In its heyday RKO (for Radio-Keith-Orpheum) was known as one of the Big Five movie studios of Hollywood's Golden Age. It was also known for its ability to produce well-crafted, sometimes artsy or offbeat features using a smaller budget than the other so-called major studios. Nonetheless, it was almost always in trouble, financially. 

Thus, RKO stopped producing feature films in 1953. In 1955 RKO became the first major studio to cave and sell off the exhibition rights of its library of titles to television. So, like plenty of baby boomers, I grew up watching many of those well-crafted black and white films on TV. It was then I first became a fan of legendary producer Val Lewton's scary films, although I doubt I knew his name then.

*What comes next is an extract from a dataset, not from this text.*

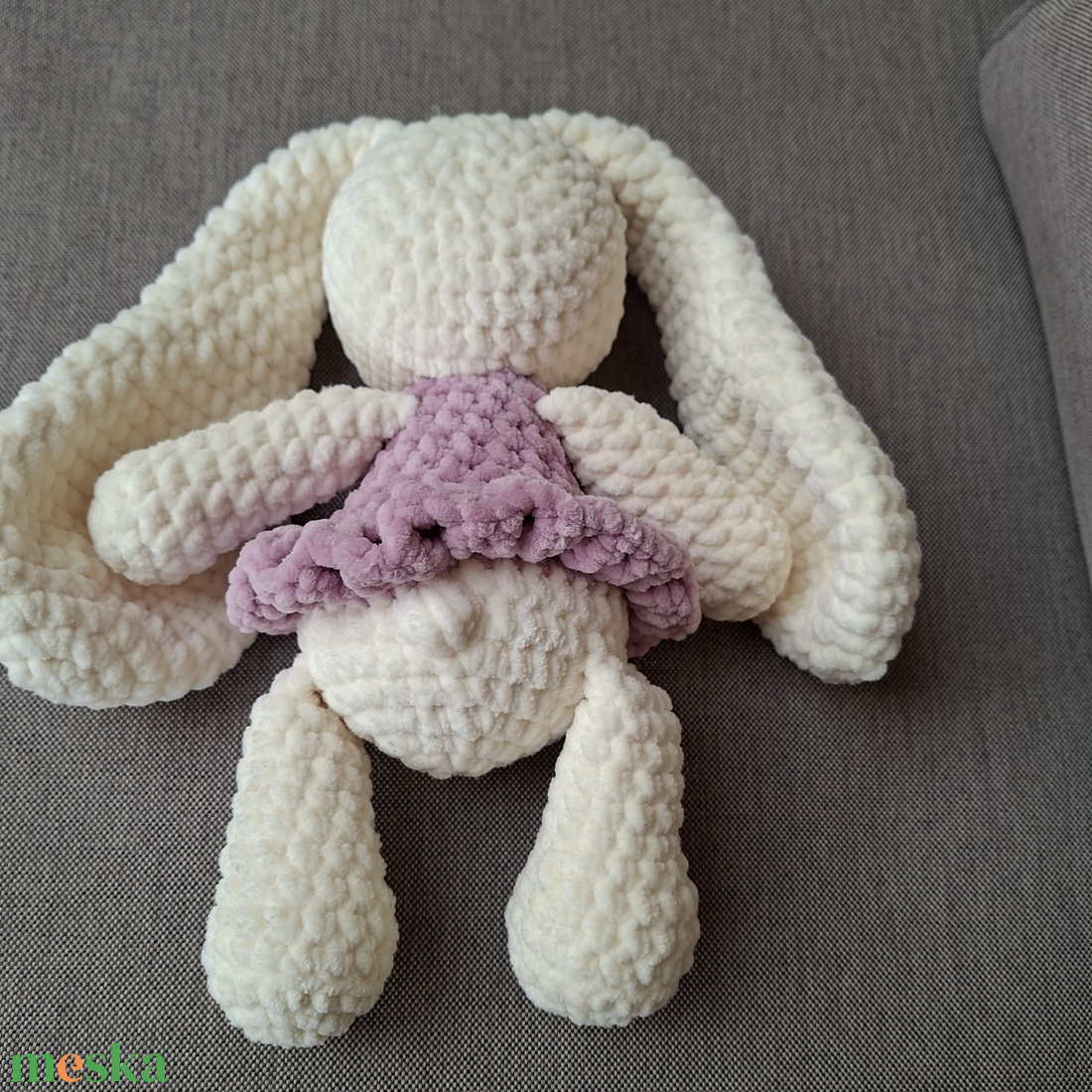 Hosszú fülű, krém színű horgolt nyuszilány - játék & sport - plüssállat & játékfigura - nyuszi - Meska.hu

Eventually, I also became a devotee of RKO's stylish film noirs with their lean stories and moody chiaroscuro lighting. To this day, I still get a kick out of discovering a good one online that I've never seen. For me, watching one of those precious old films serves as something akin to time travel back to my salad days. Comfort movies. 

In the summer of 1982 I put together a six-week festival offering 12 RKO double features. The Biograph Theatre's Program No. 60 played out in Theatre No. 1, the larger of the two auditoriums. It was an unusual program in that all 24 of the feature films were from one company, RKO, which still operated as a distributor.

The 12 double features in this festival were: Top Hat (1935) and Damsel in Distress (1936); The Hunchback of Notre Dame (1939) and The Informer (1935); King Kong (1933) and Mighty Joe Young (1949); Suspicion (1941) and The Live By Night (1948); Sylvia Scarlett (1936) and Mister Blandings Builds His Dream House (1948); Murder My Sweet (1945) and Macao (1952); The Mexican Spitfire (1939) and Room Service (1938); Journey Into Fear (1942) and This Land Is Mine (1943); The Thing (1951) and Cat People (1942); The Boy With Green Hair (1948) and Woman on the Beach (1947); Citizen Kane (1941) and Fort Apache (1948); The Curse of the Cat People (1944) and The Body Snatcher (1945).